What is needed →
The answer is the full listing restated exactly, without any pictures.

Collected data →
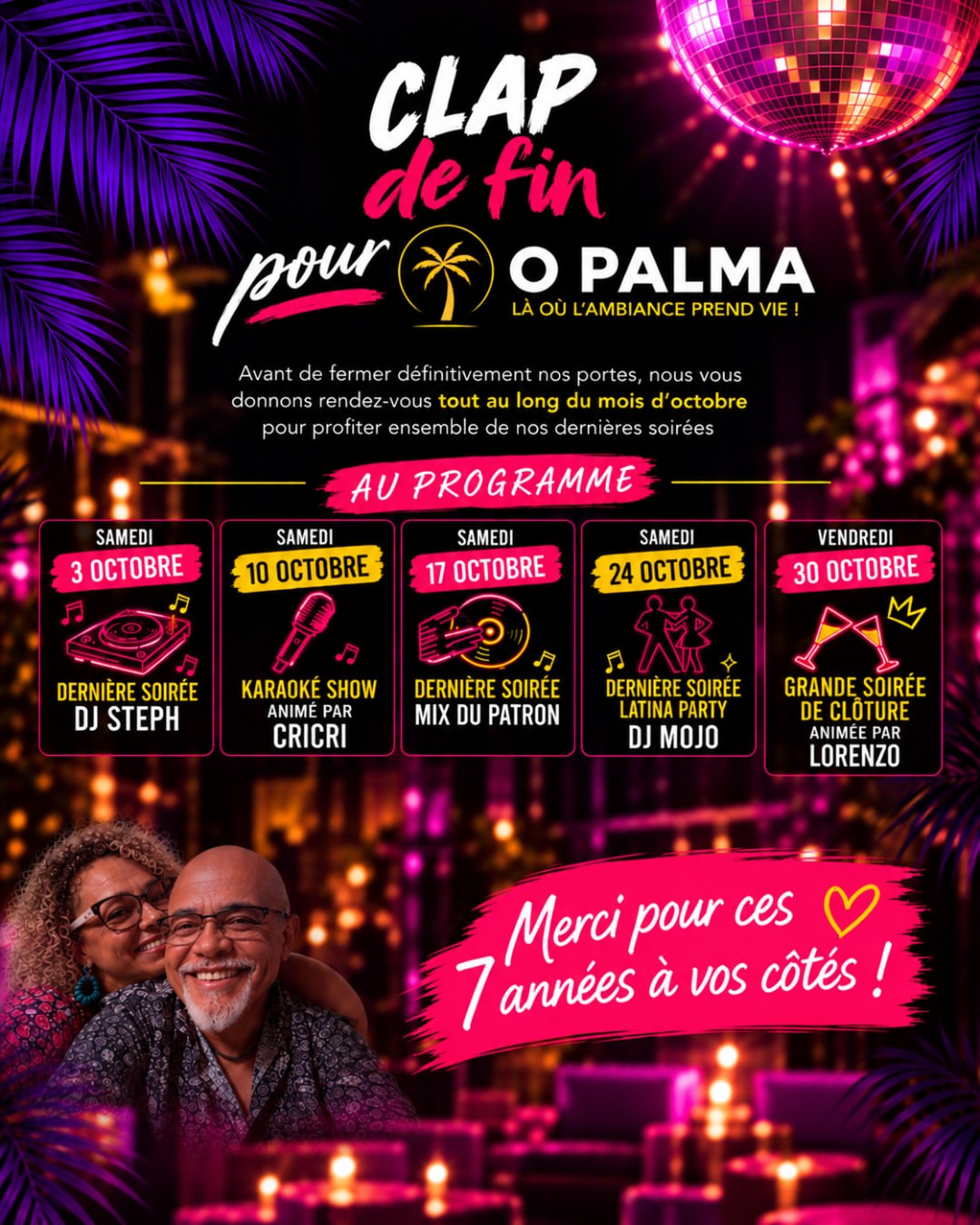 Evenement @ Opalma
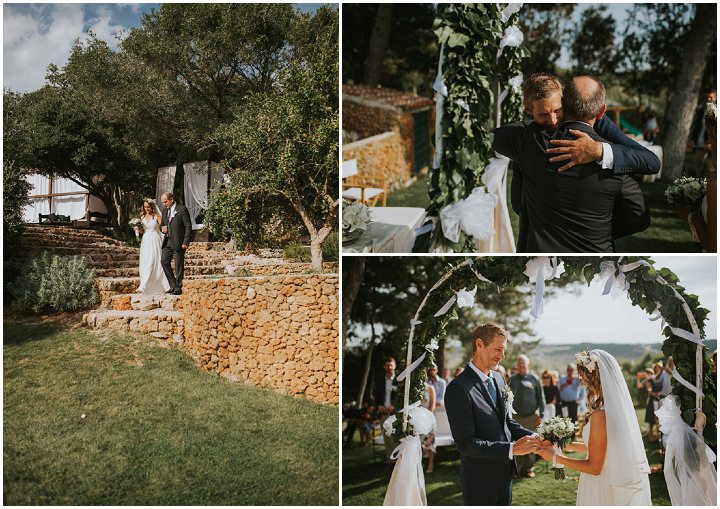 Beautifully Natural and Sun Filled Wedding in Croatia, with a gorgeous outdoor ceremony by Vladamir Mudrovcic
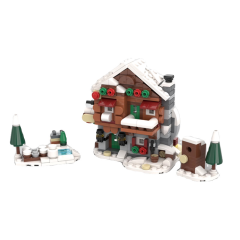 MOC 160108 Mini 10325 Alpine Lodge 388±pcs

Response box →
 Evenement @ Opalma
 Beautifully Natural and Sun Filled Wedding in Croatia, with a gorgeous outdoor ceremony by Vladamir Mudrovcic
 MOC 160108 Mini 10325 Alpine Lodge 388±pcs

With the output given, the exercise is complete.